Currently I have a circuit that looks like this:

A varying voltage alternating between 3.5V to 0V is tied to pins P1.4 (ADC) and P2.4 (Digital IO)

I am trying to keep P2.4 in High Z mode as to not affect my voltage source as my ADC (P1.4) should be monitoring the signal.

Currently, I have P2.4 set as an output with a value of 0, but this seems to keep my signal always low, leading me to believe P2.4 is not in HighZ mode.

Any ideas would be appreciated,

Regards

  • Andrei Danaila said:
    I have P2.4 set as an output with a value of 0, but this seems to keep my signal always low, leading me to believe P2.4 is not in HighZ

    For HighZ you need to set P2.4 as input.

  • Andrei Danaila said:
    I am trying to keep P2.4 in High Z mode as to not affect my voltage source as my ADC (P1.4) should be monitoring the signal. Currently, I have P2.4 set as an output with a value of 0,


    Setting a port pin to output definitely counteracts the purpose of being high-Z or being a monitor. High-Z means NOT outputting anything. Not even having internal pullups or pulldowns enabled. And definitely not enabling an output driver to drive the output low or high.

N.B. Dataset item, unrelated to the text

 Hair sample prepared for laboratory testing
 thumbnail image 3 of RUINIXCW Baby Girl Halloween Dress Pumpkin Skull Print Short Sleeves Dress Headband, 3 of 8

    BTW: High-Z is the default state of almost all MSP GPIO pins. In this state, there is only a small leakage current of up to 50nA. And no need to reconfigure them at all.
    However, input pins in high-Z state will have significant internal cross-currents in the input logic if the input voltage is oscillating or near the high/low trigger voltage. It doe snot affect the external signal, but increases internal power consumption. So unused port pins should be set to low outputs if not connected to external circuitry, to minimize current consumption and not catching radio waves.

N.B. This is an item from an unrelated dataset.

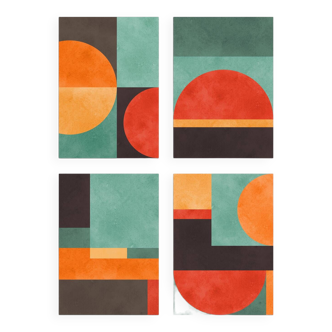 4 Colorful Geometric Art Prints
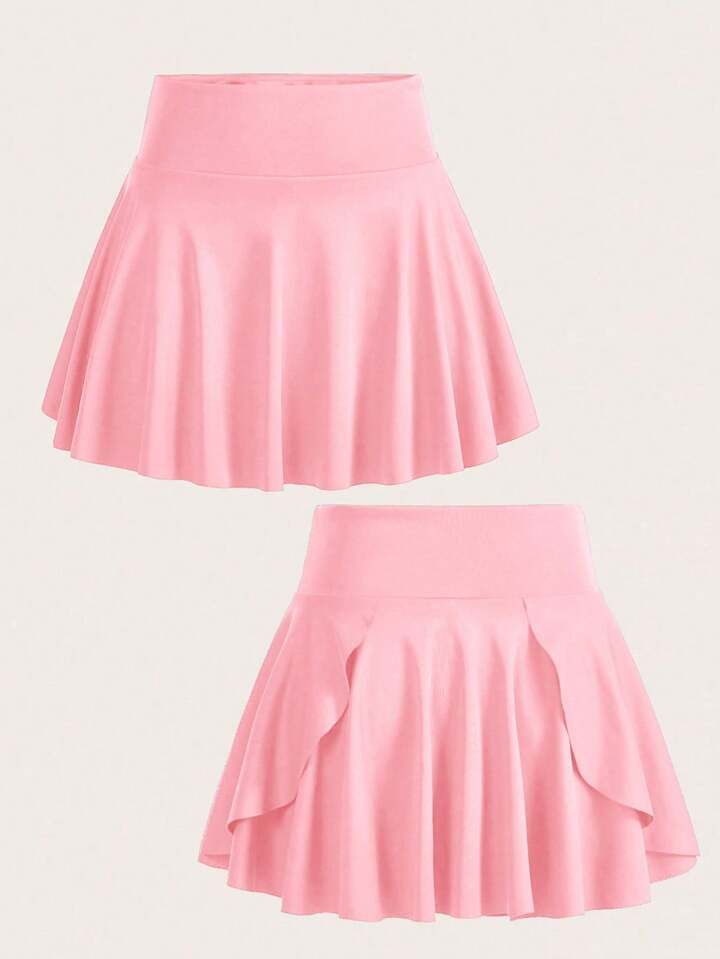 Spring Tennis Skirt For Cheerleading, Casual Solid Color Cheerleading Skirt, Pink Mini Skirt For Sports In Spring, Spring Cheerleading Mini Skirt, Casual Mini Skirt For Cheerleading In Spring, Casual Pink Sports Skirt, Casual Pink Skirt For Sports, Casual Mini Skirt For Cheerleading, Color Shorts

  • Jens-Michael Gross said:

    BTW: High-Z is the default state of almost all MSP GPIO pins. In this state, there is only a small leakage current of up to 50nA. And no need to reconfigure them at all.

    However, input pins in high-Z state will have significant internal cross-currents in the input logic if the input voltage is oscillating or near the high/low trigger voltage. It doe snot affect the external signal, but increases internal power consumption. So unused port pins should be set to low outputs if not connected to external circuitry, to minimize current consumption and not catching radio waves.

    Hi,
    Can you tell how to make the pin to have the High-Z state on MSP430? I'm using the uBlox LeonG100 for which the documentation says:

    1.6.4 Note: Tri-stated external signal
    Any external signal connected to the UART interface, I2S interfaces and GPIOs must be tri-stated when the
    module is in power-down mode, when the external reset is forced low, and during the module power-on
    sequence (at least for 3 s after the start-up event), to avoid latch-up of circuits and allow a proper boot of the
    module. If the external signals connected to the wireless module cannot be tri-stated, insert a multi channel
    digital switch (e.g. Texas Instruments SN74CB3Q16244, TS5A3159, or TS5A63157) between the two-circuit
    connections and set to high impedance during module power down mode, when external reset is forced low
    and during power-on sequence.

    Now in case MSP430's GPIOs are High-Z by default on start, then how do I force them to have High-Z once they were set to 0 or 1? If I turn the pin into input mode then I have to mask potential interrupts, besides there are internal cross-currents you mentioned. Is there any way to set up the pin to be non-input High-Z?

    Best Regards,
    tml

  • Depends on MSP device. Maybe you can use P2SEL to disable logic . Please tell us which MSP you want to use.

  • It is F5529. The documentation does not mention high impedance non-input mode.

  • The maximum High-State you can get here is;

    P2DIR &= ~BIT4

    P2REN & = ~BIT4

  • tml said:
    Is there any way to set up the pin to be non-input High-Z?

    No. Because the input is always active (even if you set the pin to output).

    Because there are three states: output low, output high, and no output. No output is high-Z. An no output is selected by not setting the pin to output (PxDIR.y = 0). ("DIR" is a bit misleading here, it should rather read 'OEN' -output enable-, but most people don't want to read an input value when they set a pin to output, so calling this register 'direction'-register is simpler.